Kissaki ( @Kissaki@programming.dev ) · 5 months ago

One of the fixes was deleting a sysm32 driver file. Is a Windows driver how they update definitions?

Gestrid ( @Gestrid@lemmy.ca ) · edit-2 5 months ago

The driver was one installed on the computer by the security company. The driver would look for and block threats incoming via the internet or intranet.

The definitions update included a driver update, and most of the computers the software was used on were configured to automatically restarted to install the update. Unfortunately, the faulty driver update caused computers to BSOD and enter a boot loop.

Because of the boot loop, the driver could only be removed manually by entering Safe Mode. (That’s the thing you saw about deleting that file.) Then the updated driver, the one they released when they discovered the bug, would ideally be able to be installed normally after exiting Safe Mode.
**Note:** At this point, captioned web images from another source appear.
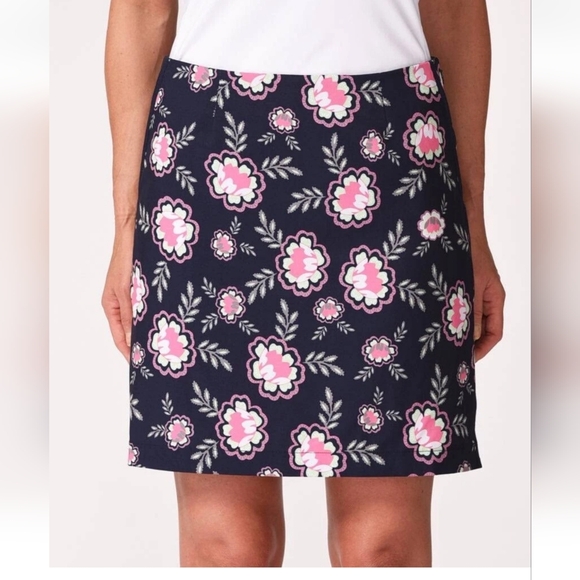 Golftini Floral Navy Golf Skirt Skort Sz 10 L Pockets Tennis Pickleball NWOT - Picture 10 of 10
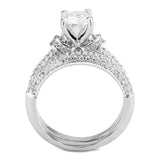 3W1555 - Rhodium Brass Ring with AAA Grade CZ in Clear - Alamode - Flyclothing LLC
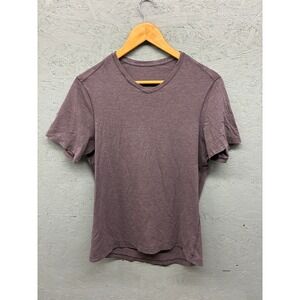 Lululemon T-Shirt Men's Size M Purple V Neck Short‎ Sleeve Casual Athleisure Top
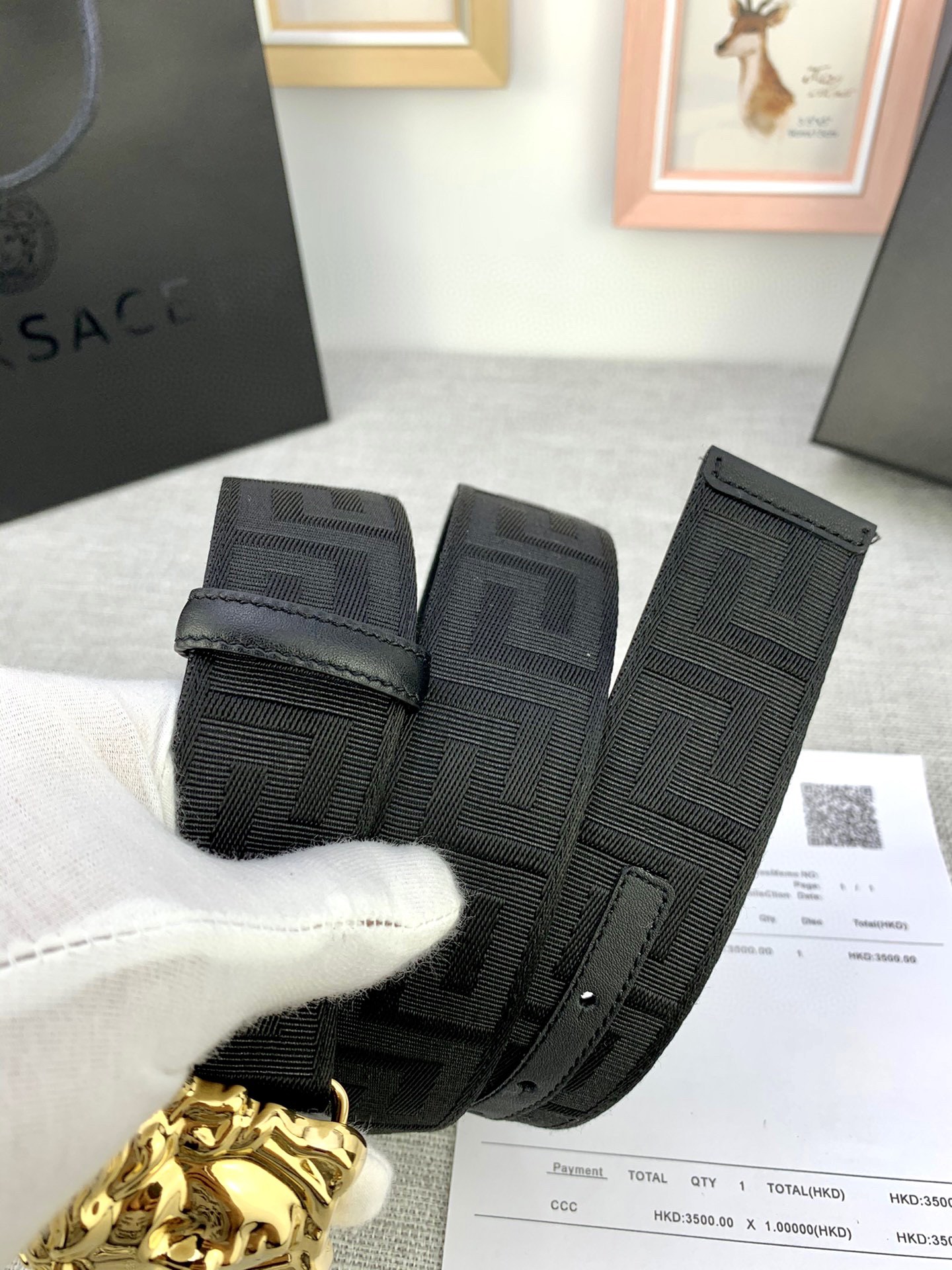 Versace Male Basic Belt Canvas S-m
corsicanguppy ( @corsicanguppy@lemmy.ca ) · 5 months ago

We don’t blame the leopards who ate the guy’s face. We blame the guy who stuck his face near the leopards.

Kissaki ( @Kissaki@programming.dev ) · 5 months ago

But how do you identify a leopard when you don’t know about animals and it’s wearing a shiny mask?

MonkderVierte ( @MonkderVierte@lemmy.ml ) · edit-2 5 months ago

That one, then go up the chain of command.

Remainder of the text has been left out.